Greenwalt & Kouf confirmed in an interview that Mom & Dad was Adalind & Nick…

I’ll admit, I haven’t seen that interview…and I’ve seen a lot of them. But here’s the thing: you can send me a link right now to a video of Greenwalt and Kouf chanting “when Diana says ‘mom and dad’ she means Nick and Adalind” over and over for two hours, and I still won’t interpret it that way.

Why? Because whatever they say in interviews, they didn’t choose to make it concrete in canon.

When an author chooses not to state something outright in canon, they leave it open to audience interpretation. They can come back later and say whatever they want in interviews, but “word of god” that does not also exist in canon is not technically canon and doesn’t have to affect how we interpret the text.

If an author wants something interpreted a certain way, that’s all well and good for them. But if they didn’t state it that way in the actual text, they leave the door open for any number of other interpretations, from the mostly-canonically-supported to the absolutely-wackadoo-unlikely-but-still-not-technically-contradictory.

That’s the beauty of interpretation, headcanon, fanon, fandom.

For many reasons, some personal and some canonical, I choose not to interpret that line a certain way. Which is completely fine. After all, the writers left the door wide open.

somekindofsaviour
replied to your post “Since Diana said “Mom and Dad are waiting”, I’m guessing that Dad…”

Thank you. Sean is an asshole, but he’s been consistent about wanting to be Diana’s dad.

That’s how I feel, too. And while I agree wholeheartedly with (and am a living example of) @resistpoisontangface‘s statement that you can have more than one dad–or mom for that matter–I also know that kids tend to pick up on their parents’ feelings about certain things and act accordingly. And I cannot ever see Sean being okay with Diana calling someone else “dad,” least of all Nick. Give it 20 years or 200 years, it ain’t gonna happen.

So based just on my own personal experience, and the fact that Diana consistently called Nick by his first name, I don’t think she meant Nick when she said “dad.” I don’t interpret it that way. It’s fine if other people do, but I never will. And that’s not a reflection on how I view Nick’s role in Diana’s life. That’s just how I feel about how she’d apply the label.

resistpoisontangface
replied to your post “Since Diana said “Mom and Dad are waiting”, I’m guessing that Dad…”

I thought it was pretty clear that Nick was “dad,” and as someone is also from a blended family, you can have two dads.

You can absolutely have two dads, including without any step-parents at all! I never meant to suggest otherwise. If you read the linked post in the ask you replied to, I gave three different examples of how I’ve seen kids from blended families refer to their step-parents, including my own, in which I call my step-mother “Momma.”
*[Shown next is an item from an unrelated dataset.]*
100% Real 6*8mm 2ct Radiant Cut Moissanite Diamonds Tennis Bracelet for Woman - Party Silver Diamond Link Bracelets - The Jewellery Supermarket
They left a lot of things open to interpretation in that last scene, not the least of which was who Diana means when she says “mom and dad.” If you think she means Nick and Adalind, great! You’re entitled to that interpretation. I don’t interpret it that way, and that’s also great, and I’m just as entitled to my interpretation. That’s the beauty of leaving it as open as they did…it gives a measure of closure while also allowing fans to fill in the details that make them the happiest.